(TASK INPUTS)
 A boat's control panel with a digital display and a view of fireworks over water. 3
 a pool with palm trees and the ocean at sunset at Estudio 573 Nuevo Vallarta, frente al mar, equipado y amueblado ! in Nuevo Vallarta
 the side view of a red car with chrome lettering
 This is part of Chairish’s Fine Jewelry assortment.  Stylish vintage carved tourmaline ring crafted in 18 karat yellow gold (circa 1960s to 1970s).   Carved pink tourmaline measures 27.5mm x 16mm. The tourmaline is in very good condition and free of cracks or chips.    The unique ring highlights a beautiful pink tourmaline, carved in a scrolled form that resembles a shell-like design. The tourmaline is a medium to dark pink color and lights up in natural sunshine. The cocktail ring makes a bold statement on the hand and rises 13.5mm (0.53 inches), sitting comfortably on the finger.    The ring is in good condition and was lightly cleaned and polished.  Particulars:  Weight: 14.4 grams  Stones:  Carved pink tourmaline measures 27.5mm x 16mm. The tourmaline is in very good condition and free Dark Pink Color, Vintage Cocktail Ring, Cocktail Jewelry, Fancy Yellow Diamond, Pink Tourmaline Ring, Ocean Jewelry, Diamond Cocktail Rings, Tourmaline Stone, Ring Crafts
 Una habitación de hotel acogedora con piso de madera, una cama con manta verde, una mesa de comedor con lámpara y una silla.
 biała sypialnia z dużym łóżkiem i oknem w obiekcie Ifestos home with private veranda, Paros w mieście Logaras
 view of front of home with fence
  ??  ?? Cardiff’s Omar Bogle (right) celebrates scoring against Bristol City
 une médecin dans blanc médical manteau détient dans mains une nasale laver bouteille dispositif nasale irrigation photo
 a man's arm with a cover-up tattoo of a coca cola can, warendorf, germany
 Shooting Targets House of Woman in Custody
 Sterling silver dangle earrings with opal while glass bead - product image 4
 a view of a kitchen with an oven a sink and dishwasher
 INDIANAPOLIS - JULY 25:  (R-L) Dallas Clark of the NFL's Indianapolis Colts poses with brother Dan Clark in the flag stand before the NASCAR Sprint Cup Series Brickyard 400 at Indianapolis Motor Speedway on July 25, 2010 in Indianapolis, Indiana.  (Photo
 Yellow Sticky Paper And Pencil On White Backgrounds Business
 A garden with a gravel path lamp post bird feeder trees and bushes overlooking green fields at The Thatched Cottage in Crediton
(End TASK INPUTS)
WHAT IS NEEDED
Output exactly the lines of the material above from the one containing "biała sypialnia z" up to and including the one containing "une médecin dans".

EXERCISE RESPONSE
 biała sypialnia z dużym łóżkiem i oknem w obiekcie Ifestos home with private veranda, Paros w mieście Logaras
 view of front of home with fence
  ??  ?? Cardiff’s Omar Bogle (right) celebrates scoring against Bristol City
 une médecin dans blanc médical manteau détient dans mains une nasale laver bouteille dispositif nasale irrigation photo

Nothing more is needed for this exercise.